_Exercise goal_: Leave out every picture, and return exactly the lines from the line containing "Strive Contracting, LLC" through the end of the records below, both inclusive.

(Records from a data source)
● ● ● ● ●

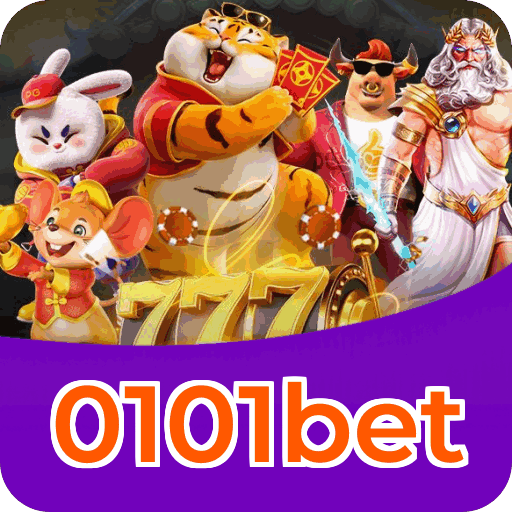 0101bet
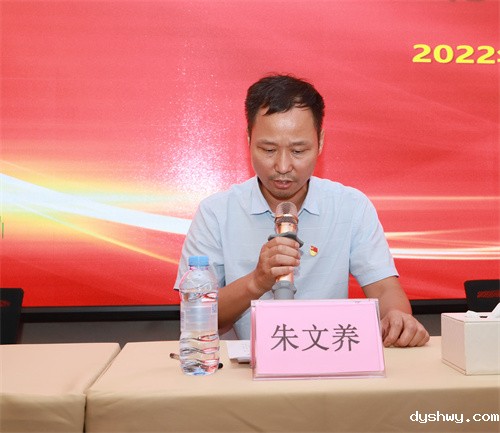 1656323640110221.jpg IMG_9227.jpg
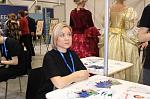 IMG_1931.JPG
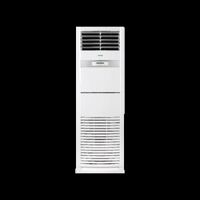 Điều hòa Hikawa 48000 BTU 1 chiều HI-FC50A/KW-FC50A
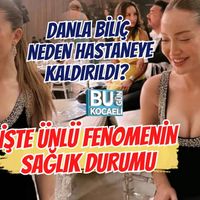 Magazin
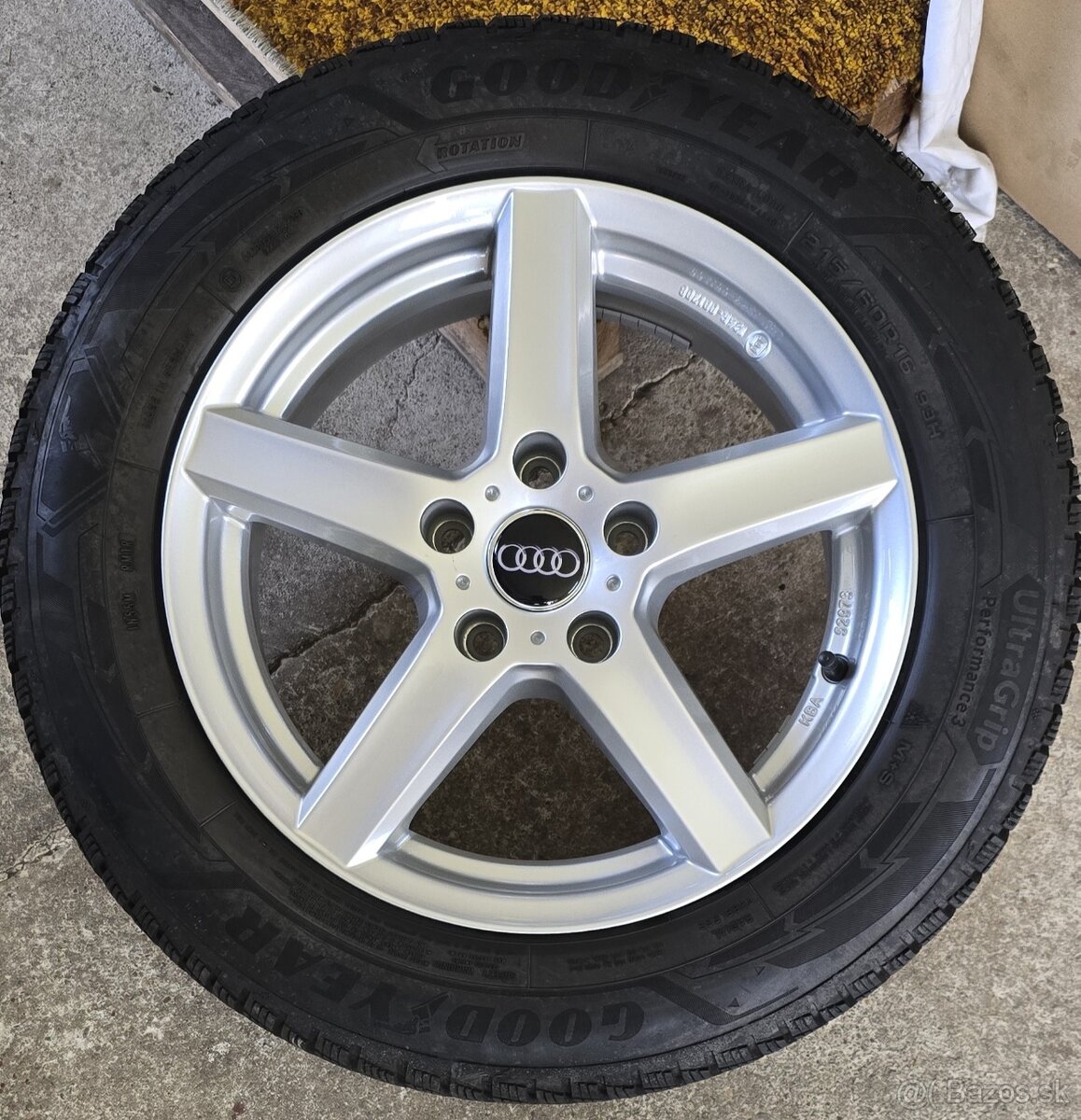 5x112,r16-Dezent-6,5J,et41,215-60-2022 - 5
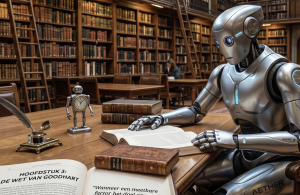 AI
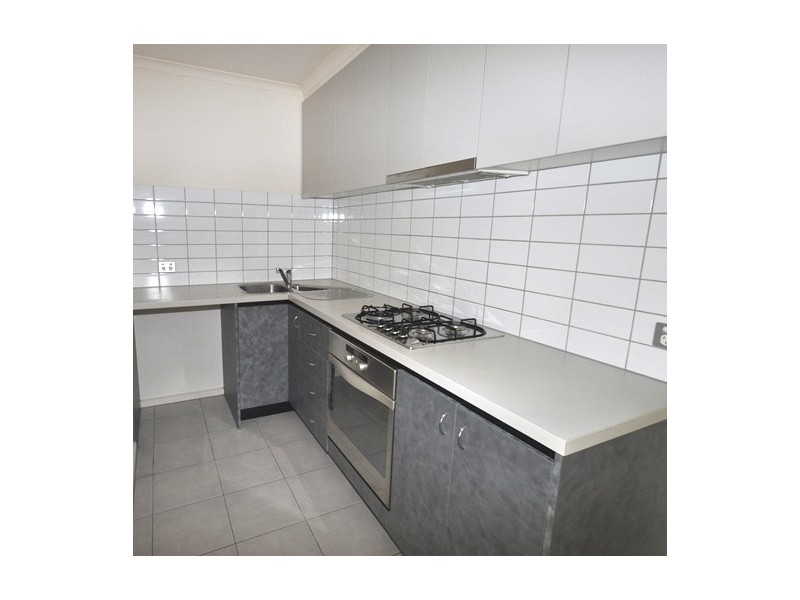 REF 12071/118 Dudley Street, West Melbourne VIC 3003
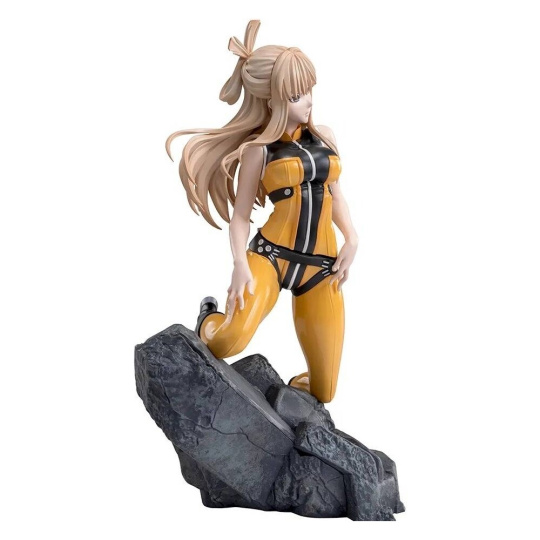 Soška Sega Go! Go! Loser Ranger! Luminasta - Yumeko Suzukiri 16 cm Soška Sega Go! Go! Loser Ranger! Luminasta - Yumeko Suzukiri 16 cm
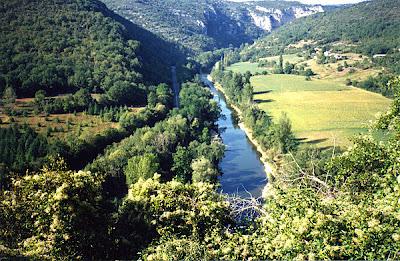 Cuaderno de viaje: Sarlat&Perigord; noir Cuaderno de viaje: Sarlat&Perigord; noir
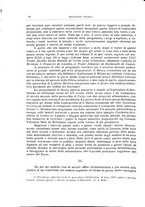 giornale/LO10016231/1904/unico/00000028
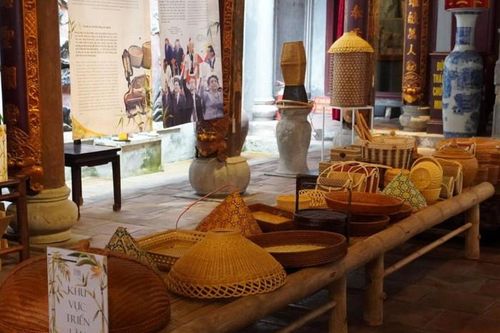 Những sự kiện nào sẽ diễn ra trên phố cổ Hà Nội trong dịp đại lễ?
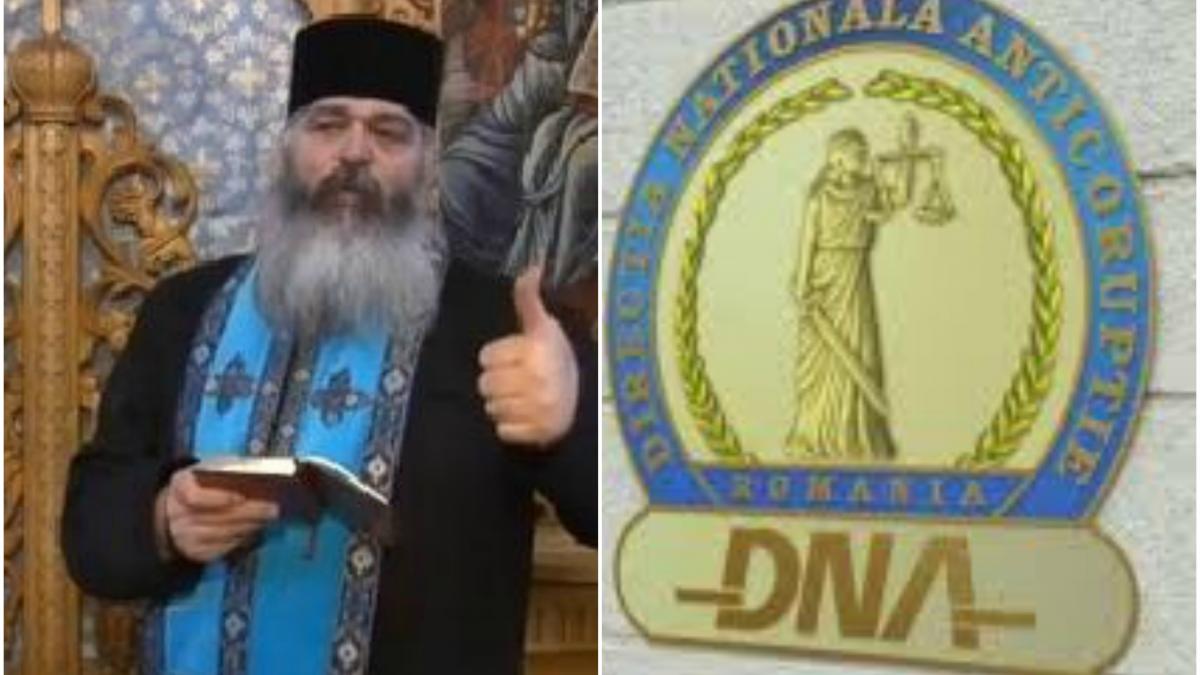 parintele calistrat pilda cu dracul care umbla cu cojocul de lana in desert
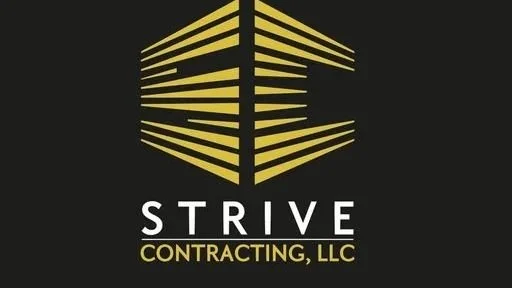 Strive Contracting, LLC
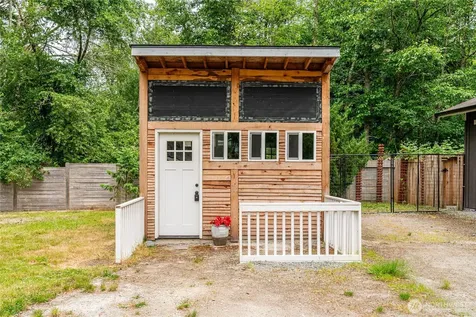 315 Solar Way Camano Island WA 98282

● ● ● ● ●

_Result of the task_:
 Strive Contracting, LLC
 315 Solar Way Camano Island WA 98282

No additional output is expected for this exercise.